_What the task requires_:
Within the records below, reproduce without change the lines from the line that has "2381 SORMANY STREET - 14" through the line that has "Cadeaux Souvenirs Mignons", and only those.

_Provided entries_:
□ □ □ □
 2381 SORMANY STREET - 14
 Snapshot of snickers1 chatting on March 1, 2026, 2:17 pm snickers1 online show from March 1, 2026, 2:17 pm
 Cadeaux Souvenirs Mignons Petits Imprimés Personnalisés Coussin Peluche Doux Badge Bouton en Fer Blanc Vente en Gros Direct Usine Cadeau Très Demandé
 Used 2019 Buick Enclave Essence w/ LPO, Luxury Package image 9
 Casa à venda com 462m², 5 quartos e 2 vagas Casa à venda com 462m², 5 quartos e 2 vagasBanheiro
□ □ □ □
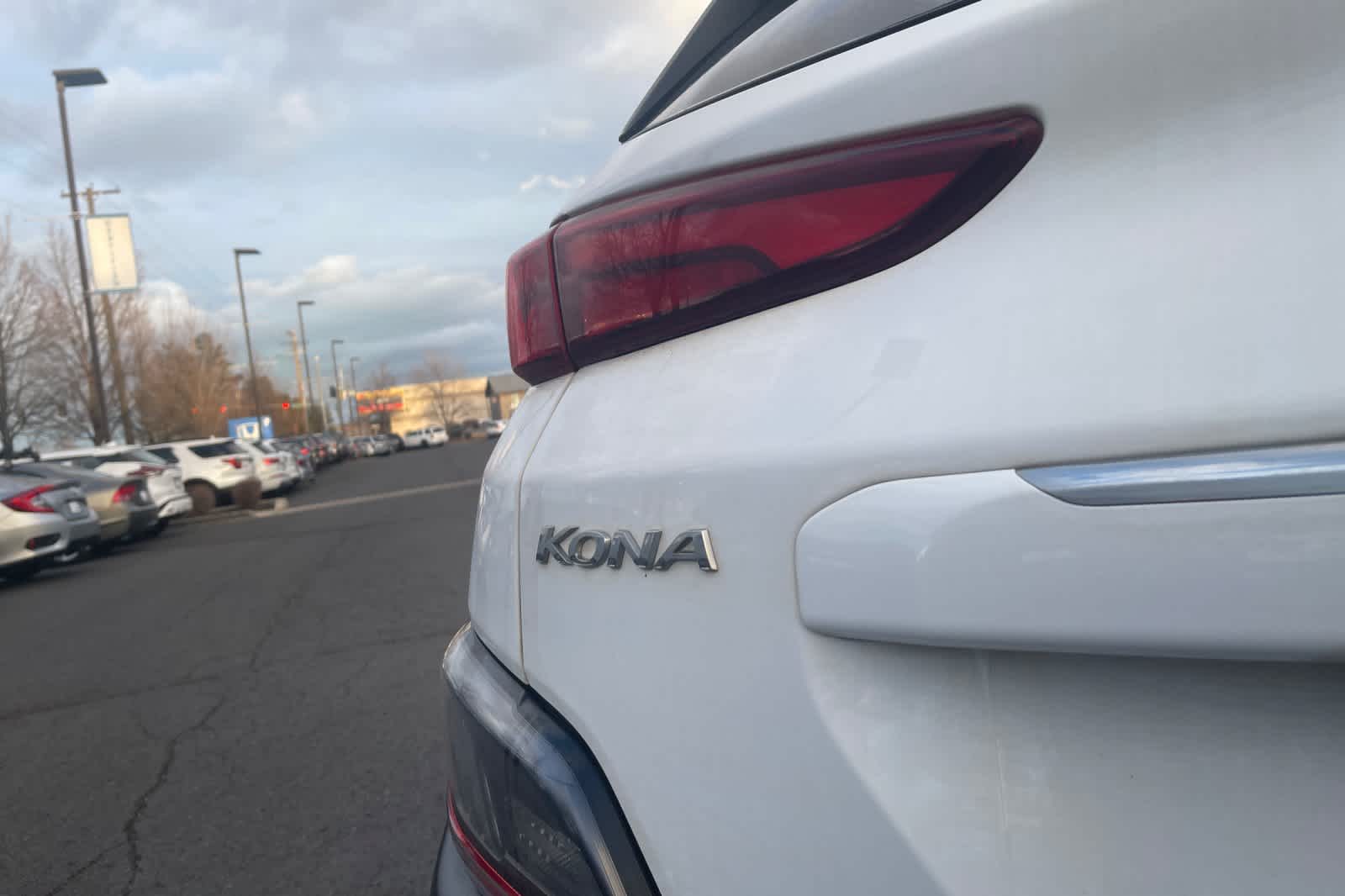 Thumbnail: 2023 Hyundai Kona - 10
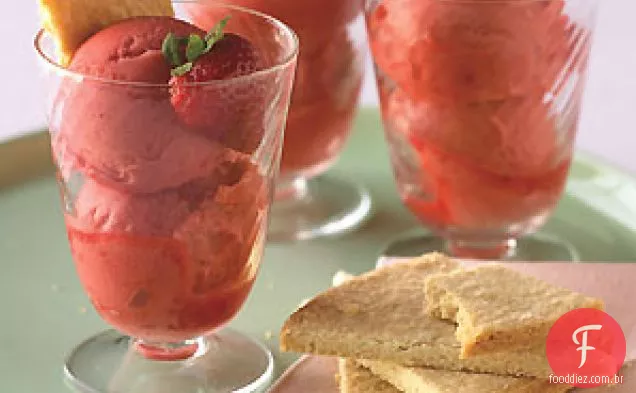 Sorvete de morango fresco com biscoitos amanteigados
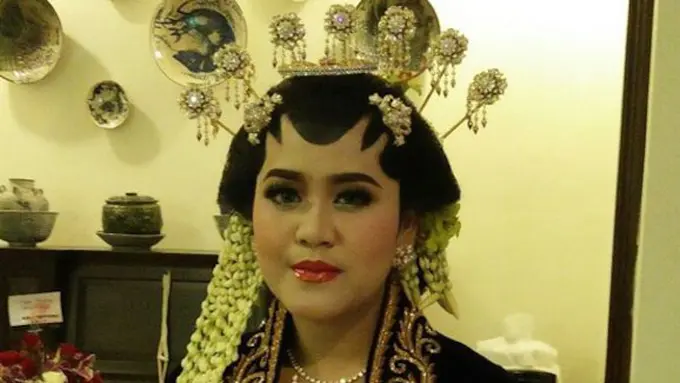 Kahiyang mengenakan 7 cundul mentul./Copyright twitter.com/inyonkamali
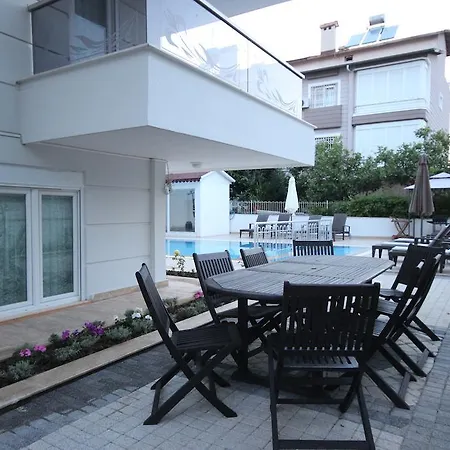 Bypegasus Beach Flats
□ □ □ □
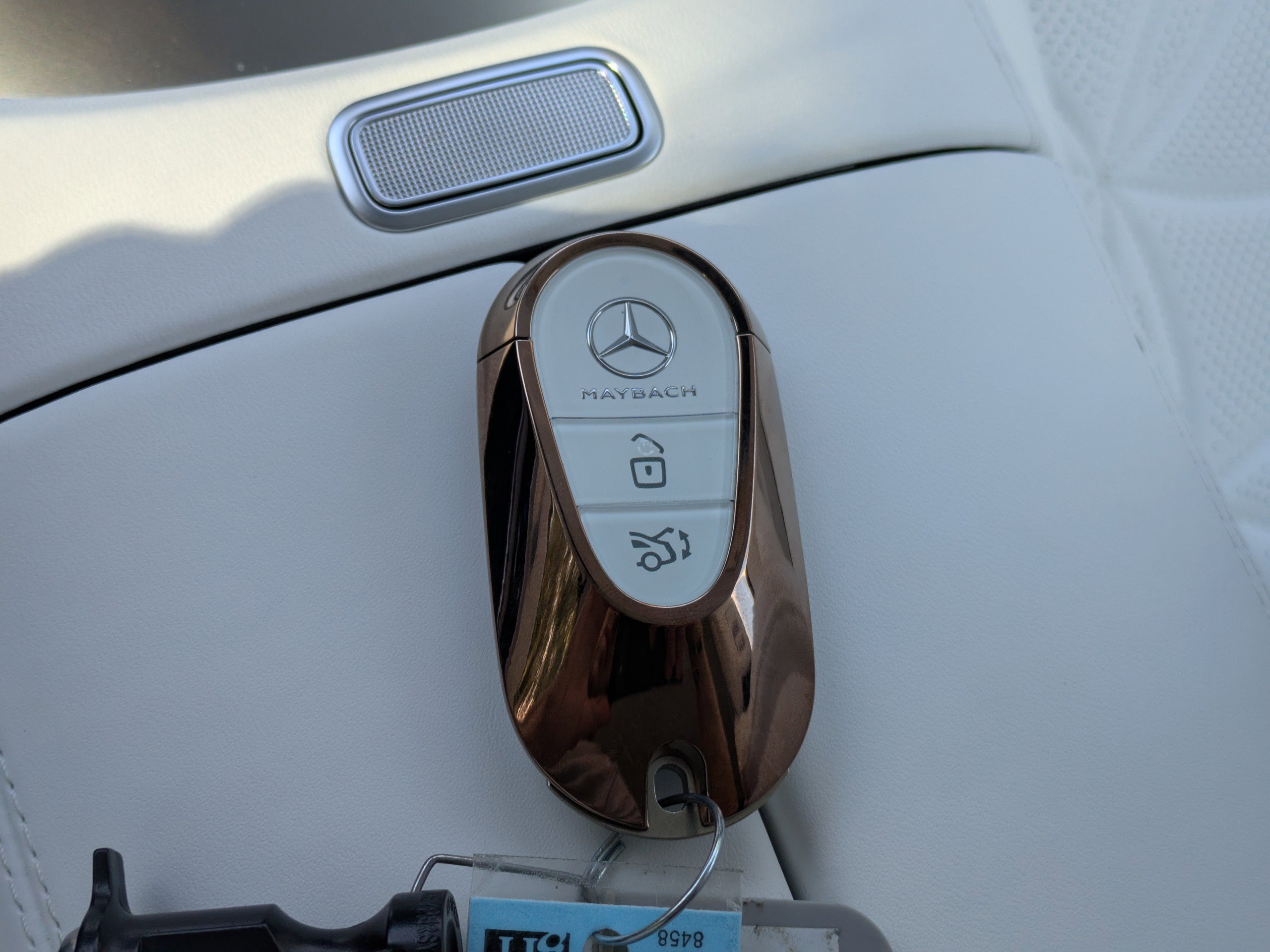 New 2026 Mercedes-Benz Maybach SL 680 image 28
□ □ □ □
_Problem solution_:
 2381 SORMANY STREET - 14
 Snapshot of snickers1 chatting on March 1, 2026, 2:17 pm snickers1 online show from March 1, 2026, 2:17 pm
 Cadeaux Souvenirs Mignons Petits Imprimés Personnalisés Coussin Peluche Doux Badge Bouton en Fer Blanc Vente en Gros Direct Usine Cadeau Très Demandé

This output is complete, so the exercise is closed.